As for my own secret, it was safe. No one would be telling Ben because only a handful of people even knew and they definitely weren’t the people I worked with. I liked having a part of my life that I could designate as off-limits, untouched by what had happened to me. Sure, it wasn’t totally true — it affected me no matter what my location was — but it was nice to pretend. My rape had poisoned so many things, but I wasn’t going to let it poison what I had with Ben. Crushing on Ben was equivalent to pressing a restart button on my love life. I got to play the whole game over, starting from level 1. I went back to basics, to a time when daydreaming about someone was enough.

*

At work, I had two main modes of being: closed-off and geared up for war or sillysofthappy, deep in the throes of puppy love. Some of our co-workers had taken to calling me Joan — in reference to the fact that my red hair, curves, and “don’t fuck with me” attitude was reminiscent of Mad Men’s Joan Holloway — but Ben didn’t. Because with him, I wasn’t that person. With Ben, I was a mix between myself and a fluffy marshmallow of a girl and even if I only got to be that for a few moments each day, I cherished every one.

Even though I’d never been someone who hung posters of celebrities on my wall, I suddenly understand why people did: they were safe crushes, a way to practice the sweeping, rushing, all-consuming emotions of love without the possibility of actually getting hurt. It was like a simulator of what was to come — yes, a poor substitute for the real thing but it served a purpose.

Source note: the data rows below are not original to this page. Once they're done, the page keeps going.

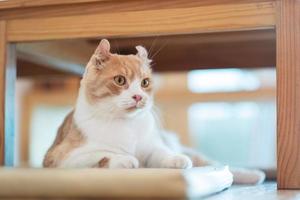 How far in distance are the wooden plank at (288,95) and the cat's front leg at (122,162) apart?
266 millimetres

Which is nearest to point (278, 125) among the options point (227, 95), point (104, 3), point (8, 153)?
point (104, 3)

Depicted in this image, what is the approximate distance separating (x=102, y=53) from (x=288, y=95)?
1.18 feet

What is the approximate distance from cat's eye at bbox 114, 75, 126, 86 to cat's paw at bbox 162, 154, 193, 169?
0.17m

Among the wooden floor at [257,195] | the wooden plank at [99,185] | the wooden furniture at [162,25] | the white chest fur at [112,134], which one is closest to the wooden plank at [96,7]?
the wooden furniture at [162,25]

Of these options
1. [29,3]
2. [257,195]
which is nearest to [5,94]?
[29,3]

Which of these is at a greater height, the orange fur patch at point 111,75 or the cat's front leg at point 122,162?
the orange fur patch at point 111,75

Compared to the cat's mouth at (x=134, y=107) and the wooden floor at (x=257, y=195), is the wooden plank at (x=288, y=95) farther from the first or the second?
the cat's mouth at (x=134, y=107)

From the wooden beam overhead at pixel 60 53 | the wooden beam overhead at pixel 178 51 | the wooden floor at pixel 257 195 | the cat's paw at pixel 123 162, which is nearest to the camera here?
the wooden floor at pixel 257 195

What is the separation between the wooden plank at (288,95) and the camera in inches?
37.4

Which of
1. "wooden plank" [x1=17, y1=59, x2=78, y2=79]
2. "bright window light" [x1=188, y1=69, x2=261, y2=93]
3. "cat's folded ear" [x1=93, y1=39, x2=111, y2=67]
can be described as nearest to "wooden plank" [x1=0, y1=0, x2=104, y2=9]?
"cat's folded ear" [x1=93, y1=39, x2=111, y2=67]

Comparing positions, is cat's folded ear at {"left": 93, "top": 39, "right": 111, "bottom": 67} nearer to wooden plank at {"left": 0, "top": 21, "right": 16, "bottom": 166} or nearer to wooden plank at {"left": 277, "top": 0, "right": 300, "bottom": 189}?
wooden plank at {"left": 0, "top": 21, "right": 16, "bottom": 166}

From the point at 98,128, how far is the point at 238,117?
86.9 inches

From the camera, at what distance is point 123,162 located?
93 centimetres

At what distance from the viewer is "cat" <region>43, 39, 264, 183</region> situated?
3.26ft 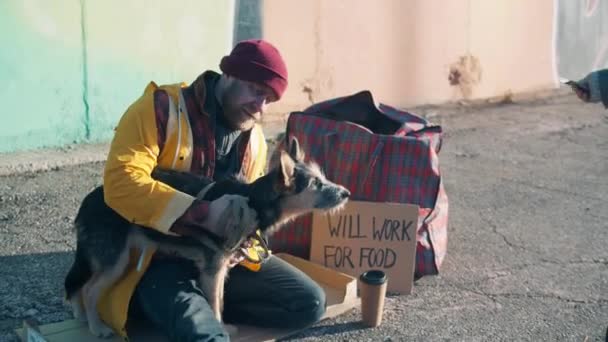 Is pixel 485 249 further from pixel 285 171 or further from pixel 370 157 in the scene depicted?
pixel 285 171

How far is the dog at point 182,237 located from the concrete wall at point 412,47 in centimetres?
530

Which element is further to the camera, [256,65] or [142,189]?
[256,65]

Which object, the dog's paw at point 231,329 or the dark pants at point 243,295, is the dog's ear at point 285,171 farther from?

Ben was that for me. Rape had left me terrified of moving forward. How could I be romantically involved with men when I didn’t even trust them? I had to rediscover the intrinsic joys of the most basic aspects of a relationship with a man if I was ever going to truly try again. And Ben brought me so much joy. Sometimes he was all that stood between me and a sleepless night of drowning in my own tears. I figured I could think about one of two things: what was happening with my case (and was I doing it right and was it going well and did I sound stupid and what if I messed the whole thing up) or Ben. Given that option, I would choose Ben every time: that thing Ben said the other day or the way he looked at me and of course, his hair — how it’d fell over his eyes on Tuesday; how he had brushed it back; how he had laughed when it wouldn’t stay in place.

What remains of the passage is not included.